Logo, se o consumidor realizou a compra de um imóvel na planta, e somente após assinatura do contrato de financiamento percebeu a previsão de Clausula de Evolução de Obra, é importante que acione o judiciário, requerendo a suspensão da referida Taxa até o fim do processo. Comprovado, todavia, o abuso ou qualquer outra disfunção no contrato, bem como atraso na entrega das chaves ou do habite-se, o Consumidor terá direito de não mais pagar a Taxa e ainda receber em dobro aquilo que pagou a título de Taxa de Evolução, por aplicação do artigo 42 do Código de Defesa do Consumidor.

Por fim, vê-se que a Taxa de Evolução de Obra não está estritamente ligada, como indica seu nome, à construção em si da obra, mais sim a uma manobra perspicaz, utilizada pelas construtoras e bancos, para repassar ao Consumidor Juros do negócio por eles entabulado. 

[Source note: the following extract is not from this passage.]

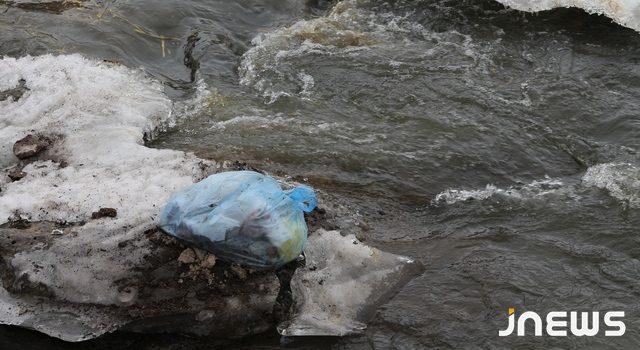 Нет урн, бросаем мусор в реку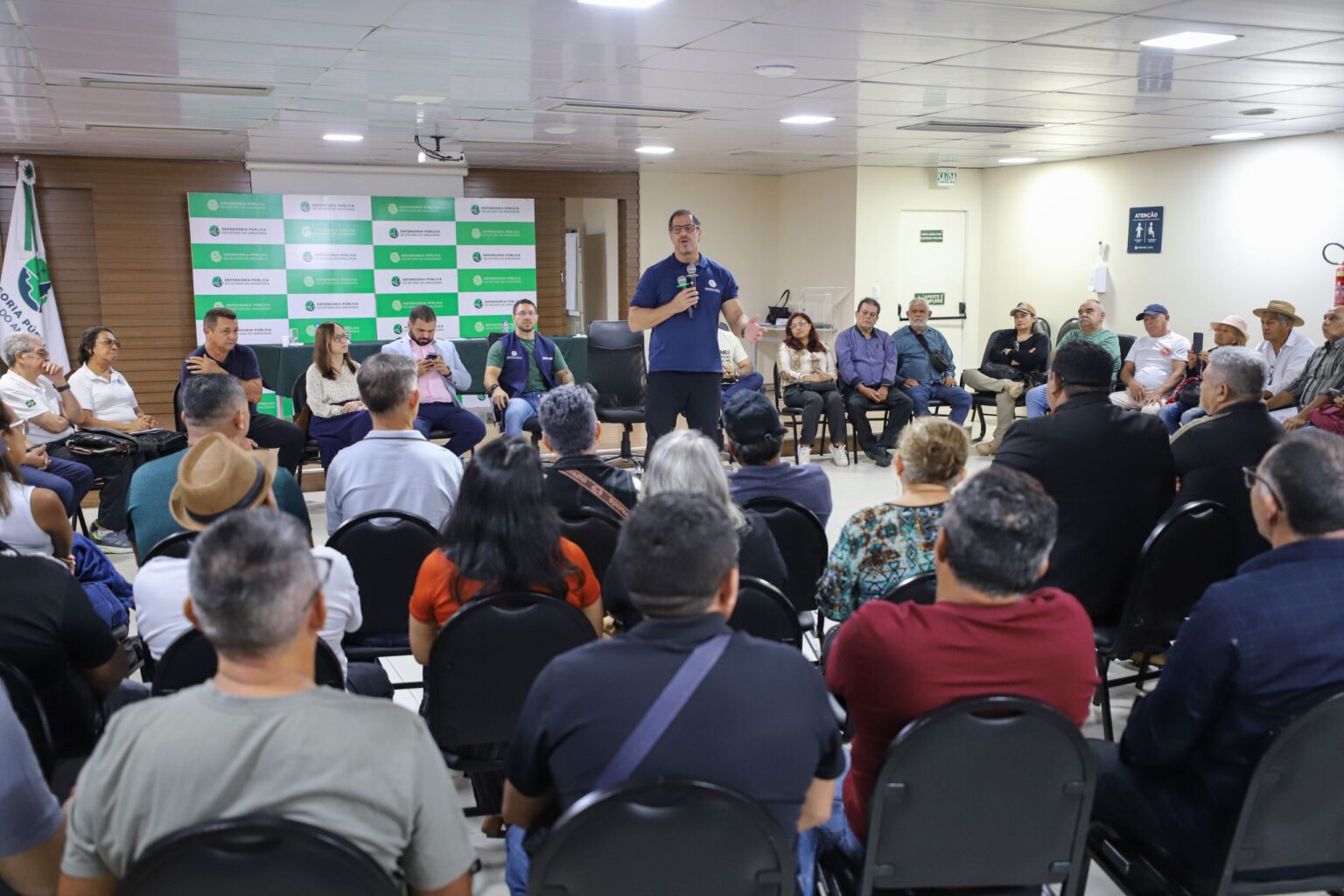 Defensoria Pública do Amazonas reúne 80 lideranças comunitárias para definir ações itinerantes Defensoria Pública do Amazonas reúne 80 lideranças comunitárias para definir ações itinerantes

Resta refletir, se essa política financeira dos Juros se coaduna com o Estado Democrático de Direito ao qual pretendemos. Ao nosso sentir a resposta é negativa. Trata-se da manutenção do mesmo capitalismo colonial, assimilado de forma destrutiva capaz de transfigurar até mesmo boas ideias, a exemplo do que ocorreu com as minadas Políticas de Habitação, não apenas no Brasil, mas em todo o Mundo que segue esse modelo de “crescimento”, pseudodemocrático.